Authorities reported that the deceased included a 13-year-old boy who was killed when a tree fell onto a mobile home in Levy County, near Gainesville. In Hillsborough County, an 18-wheel lorry veered into a canal during the storm, with the driver found dead. In Dixie County, just west of Gainesville, a woman and a 12-year-old were killed when their car crashed on Sunday night. In southern Georgia, a 19-year-old died after a large tree fell onto a porch at a home in Moultrie.
The slow-moving pace of the storm could bring “catastrophic flooding,” according to Jamie Rhome, the deputy director of the hurricane center. Debby’s waves and strong winds also blew 25 packages of cocaine, worth more than $1 million, ashore in the Florida Keys, according to the US Border Patrol.

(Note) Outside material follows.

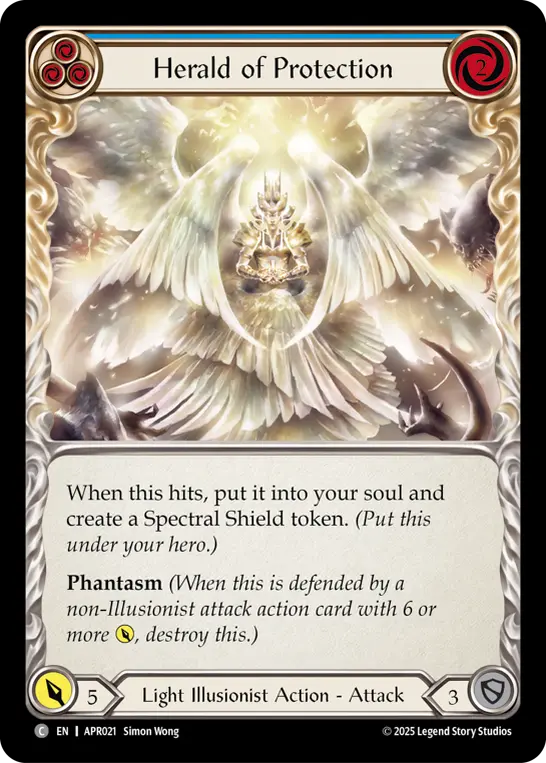 Herald of Protection (Blue)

In Florida, some 150,000 homes and businesses were without power on Monday night. Another 36,000 residents in Georgia and South Carolina were experiencing outages. The storm is forecast to skim the coast, drenching southeast Georgia and the Carolinas on Tuesday and Wednesday, before moving inland near the South Carolina coast on Thursday.
Before the storm made landfall, Florida Governor Ron DeSantis declared a state of emergency for 61 of Florida’s 67 counties.
Spyridon Aibejeris said that repairs on his Keaton Beach home had just wrapped up two weeks ago from Hurricane Idalia, a category three storm that made landfall last summer. “Man, I’ve done this so many times,” Mr. Aibejeris said.
Forecasters predicted this hurricane season, which runs from June 1 to November 30, would be a busy one. The National Oceanic and Atmospheric Administration (NOAA) said there could be up to 25 named storms in 2024, with between 8 and 13 potentially developing into hurricanes. Debby was the fourth named storm of the year.
It is thought that climate change may be making slow-moving hurricanes like this more likely. As the world heats unevenly, changes in atmospheric circulations that steer storms across the planet become more frequent, contributing to the development of such storms.